▶ Task description:
Below are the records; print them again exactly and omit the pictures.

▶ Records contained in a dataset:
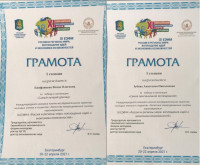 Students of the Department "Marketing and Logistics" won prizes in the International competition of research projects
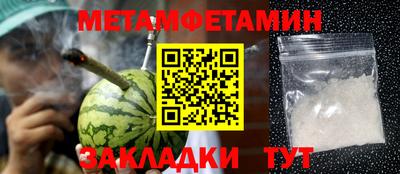 MDMA Premium VHQ Бузулук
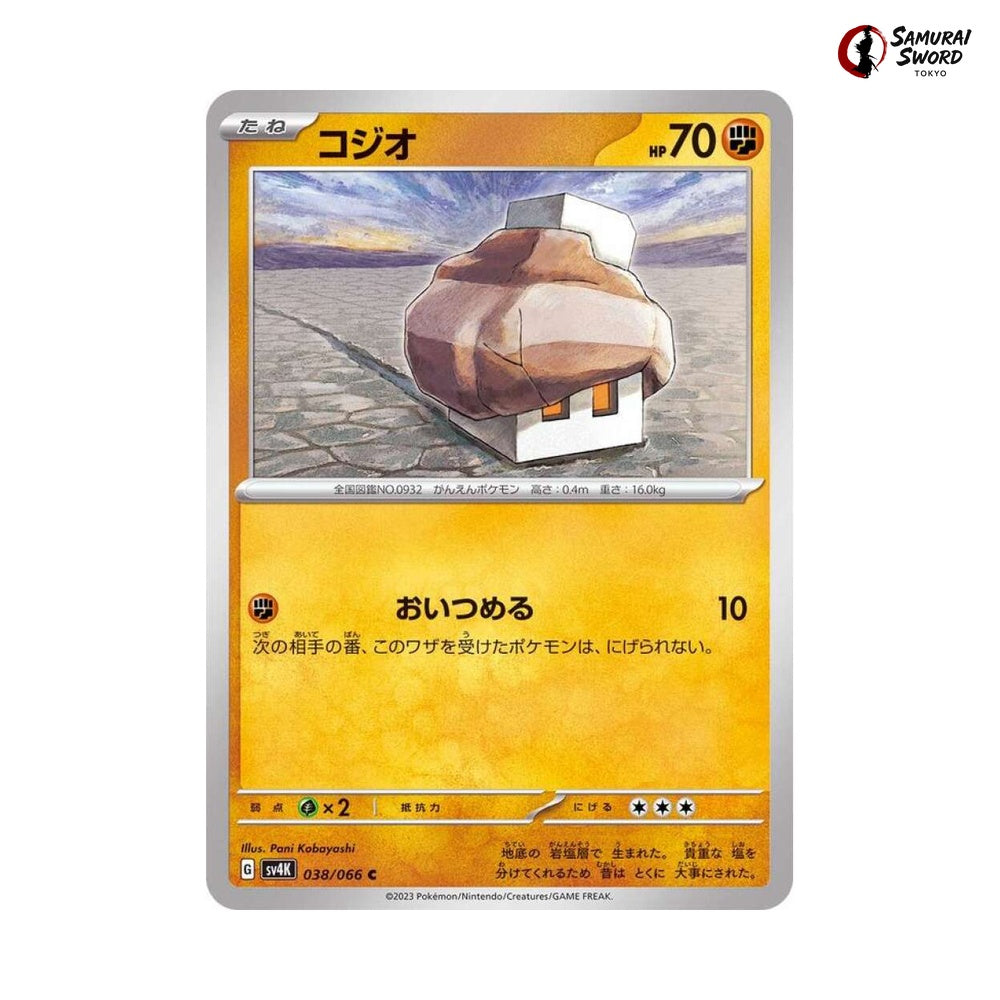 Nacli #038 - Ancient Roar Japanese Pokemon Card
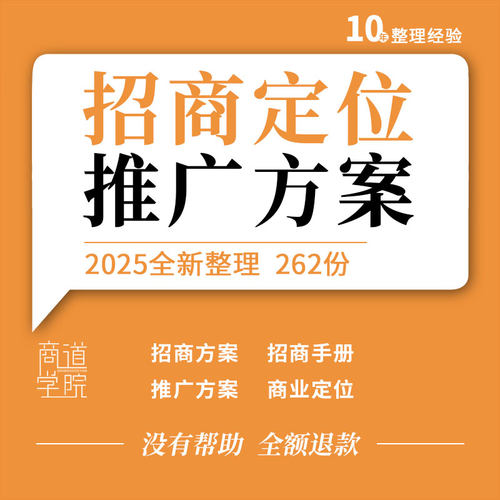商业街美食广场购物中心家居建材市场写字楼招商定位营销推广方案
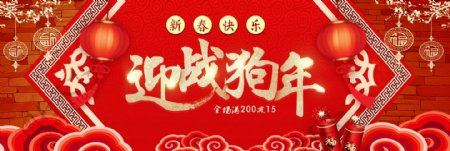 淘宝天猫春节新年年货节活动海报psd素材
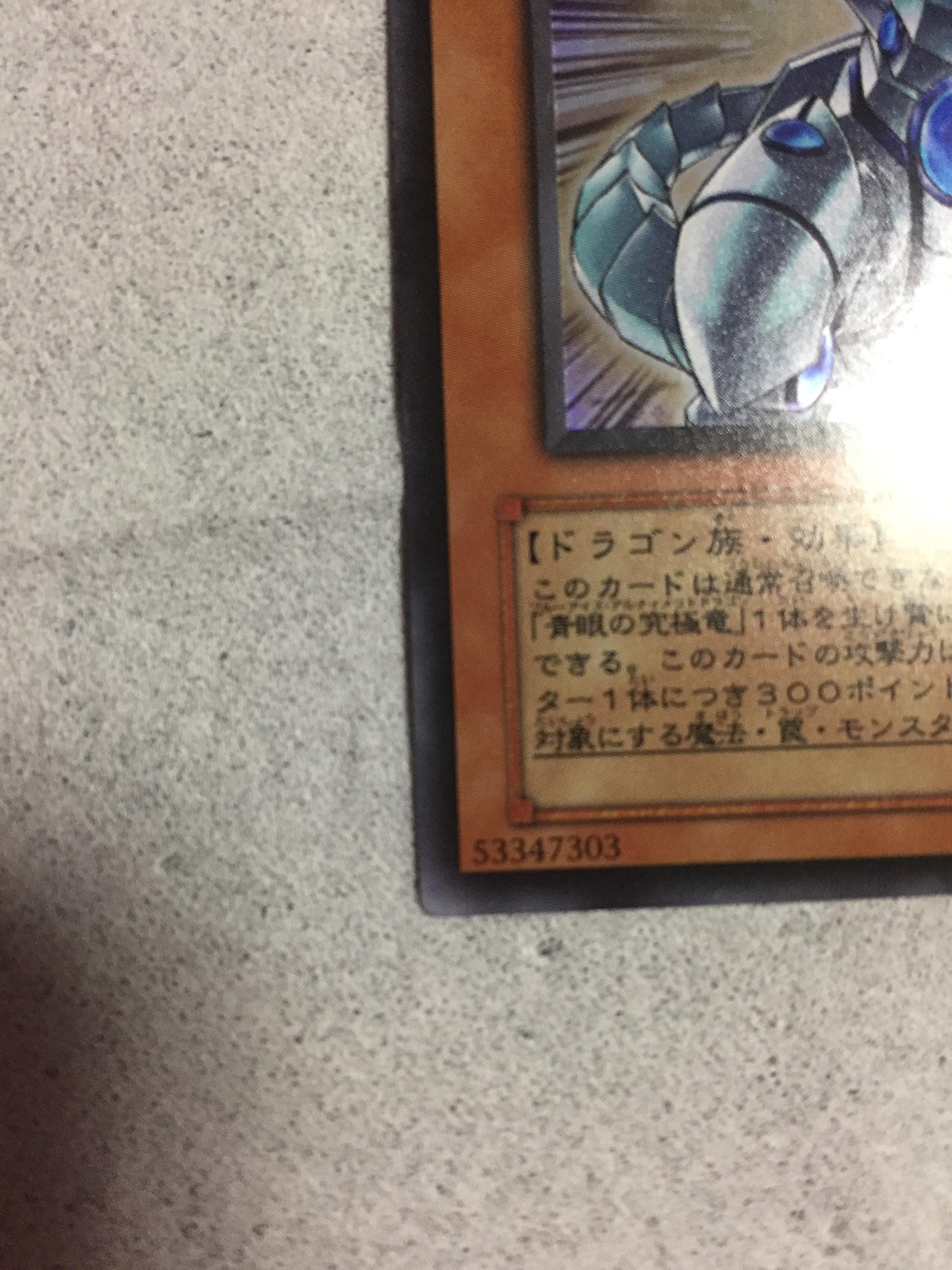 Amazon.co.jp: VB7-JP001 UR 青眼の光龍【遊戯王シングルカード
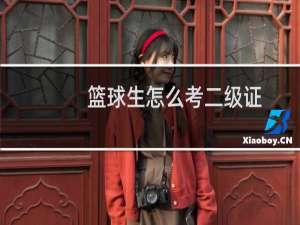 篮球生怎么考二级证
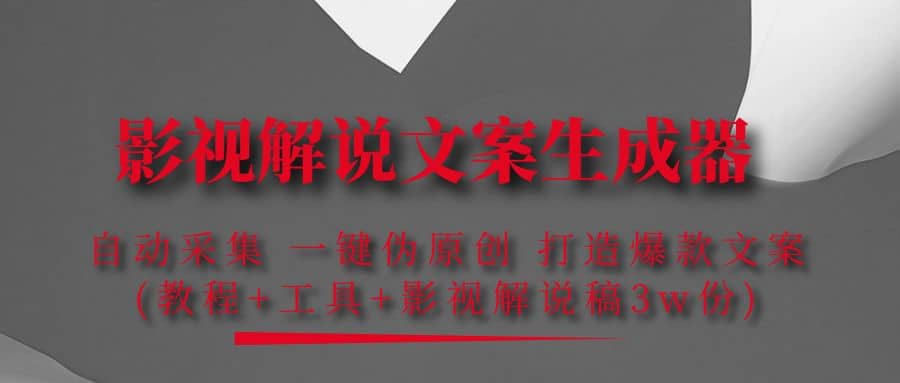 影视解说文案生成器：自动采集 一键伪原创 打造爆款文案(工具+解说稿3w份)网创库-网创项目资源站-副业项目-创业项目-搞钱项目网创库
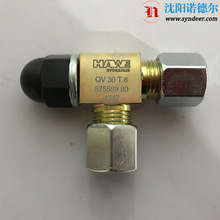 HAWE�����������yQV 30 H 10QV 30 T-8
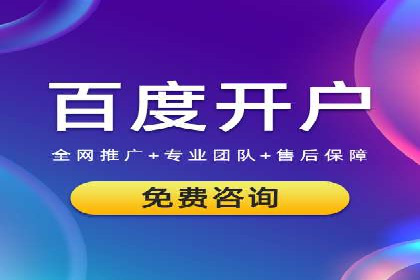 某公司通过信息流竞价实现业绩翻倍的案例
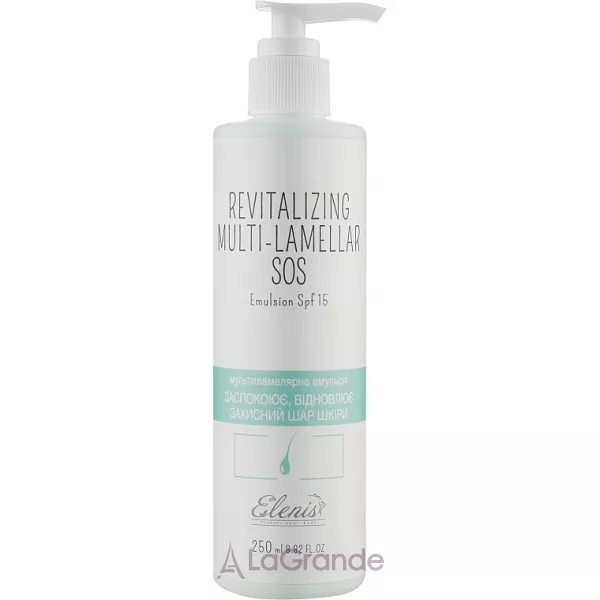 Elenis Revitalizing Multi-Lamellar Emulsion SOS ����������� ��������������� �������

▶ Answer space:
 Students of the Department "Marketing and Logistics" won prizes in the International competition of research projects
 MDMA Premium VHQ Бузулук
 Nacli #038 - Ancient Roar Japanese Pokemon Card
商业街美食广场购物中心家居建材市场写字楼招商定位营销推广方案
 淘宝天猫春节新年年货节活动海报psd素材
 Amazon.co.jp: VB7-JP001 UR 青眼の光龍【遊戯王シングルカード
 篮球生怎么考二级证
 影视解说文案生成器：自动采集 一键伪原创 打造爆款文案(工具+解说稿3w份)网创库-网创项目资源站-副业项目-创业项目-搞钱项目网创库
 HAWE�����������yQV 30 H 10QV 30 T-8
 某公司通过信息流竞价实现业绩翻倍的案例
 Elenis Revitalizing Multi-Lamellar Emulsion SOS ����������� ��������������� �������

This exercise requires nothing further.